**TRY IT:** Would you reproduce the whole listing exactly, minus its images?

**TASK INPUTS:**
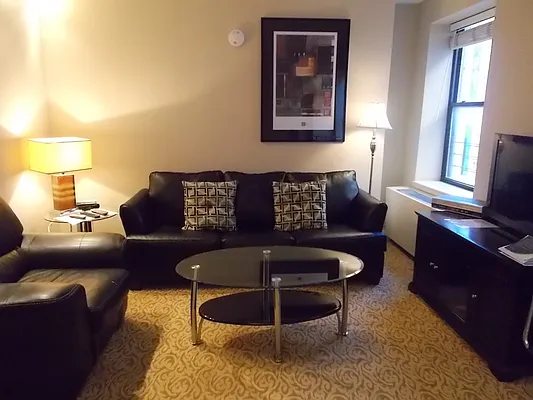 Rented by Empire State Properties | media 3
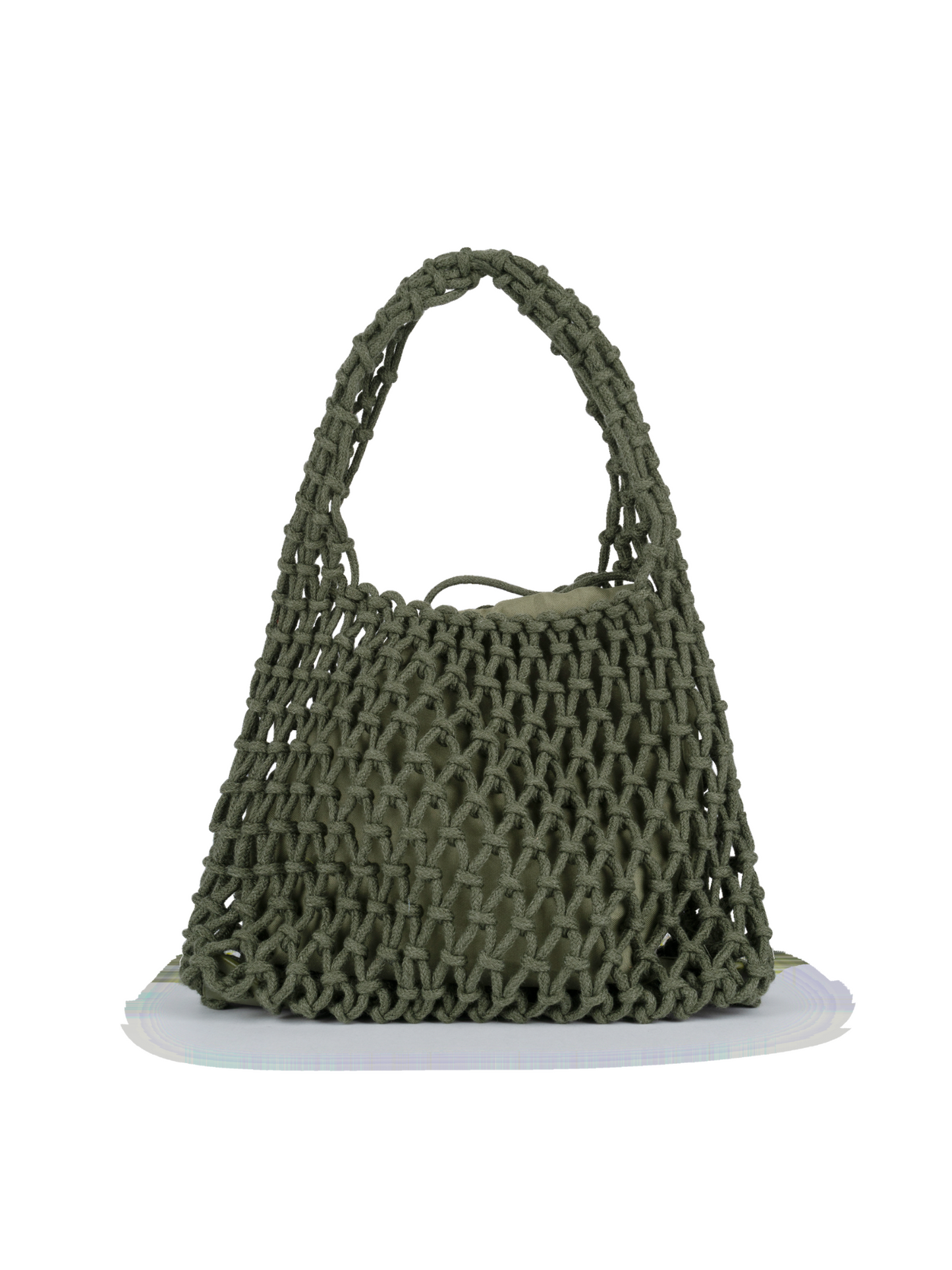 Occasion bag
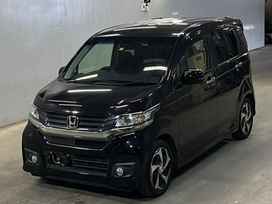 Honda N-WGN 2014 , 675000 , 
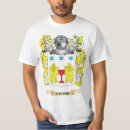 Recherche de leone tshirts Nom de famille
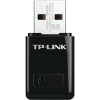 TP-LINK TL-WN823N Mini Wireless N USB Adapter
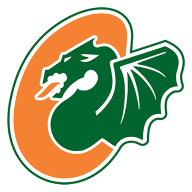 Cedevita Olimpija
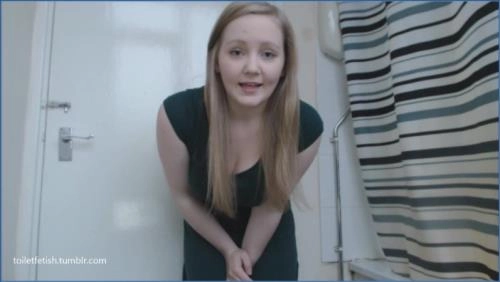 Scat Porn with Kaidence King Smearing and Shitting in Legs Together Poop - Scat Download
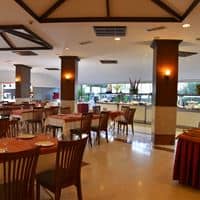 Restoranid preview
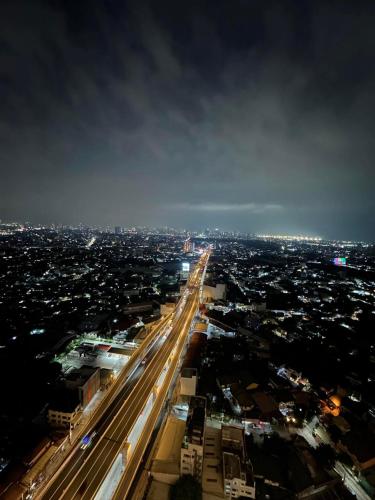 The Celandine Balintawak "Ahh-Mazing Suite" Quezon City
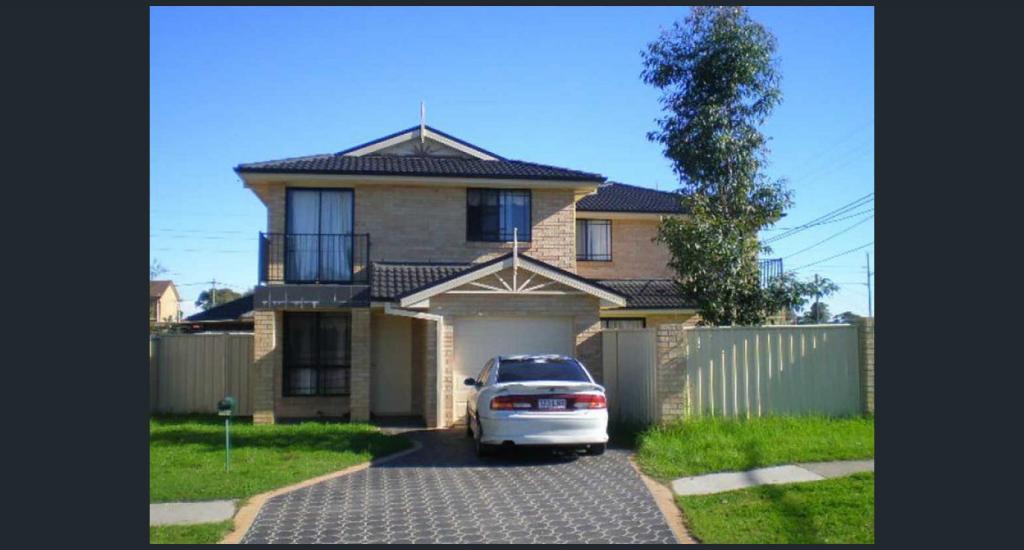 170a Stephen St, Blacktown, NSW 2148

**SOLUTION TO THE EXERCISE:**
 Rented by Empire State Properties | media 3
 Occasion bag
 Honda N-WGN 2014 , 675000 , 
 Recherche de leone tshirts Nom de famille
 TP-LINK TL-WN823N Mini Wireless N USB Adapter
 Cedevita Olimpija
 Scat Porn with Kaidence King Smearing and Shitting in Legs Together Poop - Scat Download
 Restoranid preview
 The Celandine Balintawak "Ahh-Mazing Suite" Quezon City
 170a Stephen St, Blacktown, NSW 2148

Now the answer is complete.